Numpy arrays are a powerful data structure that is oprimized for rapid mathematical operations. They form the basis of other data structures in python like the tensor in tensorflow and our next topic, the pandas dataframe. If you are working with purely numerical data, numpy arrays are the best.

# Pandas dataframes



Often when we work with data, we have multiple variables with different data types. While numpy arrays are very flexible for numerical data, it does not work as well with a combination of numerical and categorical data or when you want to have labels for your rows and columns. Pandas is another python library that builds upon numpy and adds the ability to create DataFrames, which are 2D tables with labeled rows and columns. You can think of python DataFrames as spreadsheets from excel or dataframes from R. 
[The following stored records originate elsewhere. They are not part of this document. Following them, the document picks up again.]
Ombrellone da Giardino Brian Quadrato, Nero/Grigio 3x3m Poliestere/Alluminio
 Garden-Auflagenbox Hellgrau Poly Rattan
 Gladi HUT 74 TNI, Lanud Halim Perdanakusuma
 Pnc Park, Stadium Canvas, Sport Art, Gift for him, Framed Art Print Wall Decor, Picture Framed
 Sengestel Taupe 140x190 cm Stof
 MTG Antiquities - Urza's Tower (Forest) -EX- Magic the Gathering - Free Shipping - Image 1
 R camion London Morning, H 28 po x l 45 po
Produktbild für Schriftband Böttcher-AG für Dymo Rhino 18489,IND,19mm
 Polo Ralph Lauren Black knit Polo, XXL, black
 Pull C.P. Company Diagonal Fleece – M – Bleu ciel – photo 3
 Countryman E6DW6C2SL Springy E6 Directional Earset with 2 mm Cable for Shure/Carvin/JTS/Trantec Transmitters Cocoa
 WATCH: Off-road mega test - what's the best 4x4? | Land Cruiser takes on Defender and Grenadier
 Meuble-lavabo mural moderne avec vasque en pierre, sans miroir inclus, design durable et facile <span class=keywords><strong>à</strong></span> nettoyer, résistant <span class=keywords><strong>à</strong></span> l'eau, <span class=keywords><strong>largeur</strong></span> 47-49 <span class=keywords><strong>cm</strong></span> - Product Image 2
Let's start by learning about the pandas `Series` object. Series are one-dimensional arrays of indexed data. It can be created from a list or a numpy array with the `pd.Series()` function. Run the code block below and observe the differences between a `Series` and a numpy array. 

In [None]:
my_series = pd.Series([1, 2, 3, 4, 5])
my_array = np.array([1, 2, 3, 4, 5])
print(my_series)
print(my_array)


Notice that a series object has an index, which is a label for each element in the series. Numpy has an implicit index for its arrays, but Series objects have an explicit index. It's kind of like a dictionary where the keys are the indices and the values are the data. Similar to a dictionary, you can use `.values` to just get the data back. And you can also use `.index` to get the index labels. 

In [None]:
my_series[2]


In [None]:
my_series.values


In [None]:
my_series.index


Indices don't have to be just numbers. They can be whatever values we want. Although duplicate index values are allowed, it is best to avoid. 

In [None]:
grades_english = pd.Series([90, 88, 91], index = ["Yann", "Xavier", "Zach"])
grades_english


In [None]:
grades_english['Yann']


We can construct dataframes from multiple Series objects. 

In [None]:
grades_math = pd.Series([60, 55, 84], index = ["Yann", "Xavier", "Zach"])
grades = pd.DataFrame({'English': grades_english, 'Math': grades_math})
grades


To add a column to an existing dataframe, you can use the `[]` operator and assign a new series, or use the `pd.concat()` function. 

In [None]:
grades["History"] = [88, 100, 93]
grades


Observe how when I index into the "history" column, an index was added to it!

In [None]:
grades["History"]


## Indexing and slicing a dataframe

Pandas DataFrames are not just indexed by row, but also by column. You can access columns by name using the `[]` operator. If you want to access a row by the index, you can use the `.loc[]` method. Run the code blocks below and note how the indexing returns Series objects in both cases. 

In [None]:
grades.columns


In [None]:
grades["English"]


In [None]:
grades.loc["Yann"]


There are many ways to select subsets of a dataframe. The rows and columns of a dataframe can be referred to either by their integer position or by their indexed name. Typically, for columns, you'll use the indexed name and can just do `[]` with the name of the column. For rows, if you want to use the integer position, you will use `.iloc[]`. If you want to use the index name, you will use `.loc[]`. 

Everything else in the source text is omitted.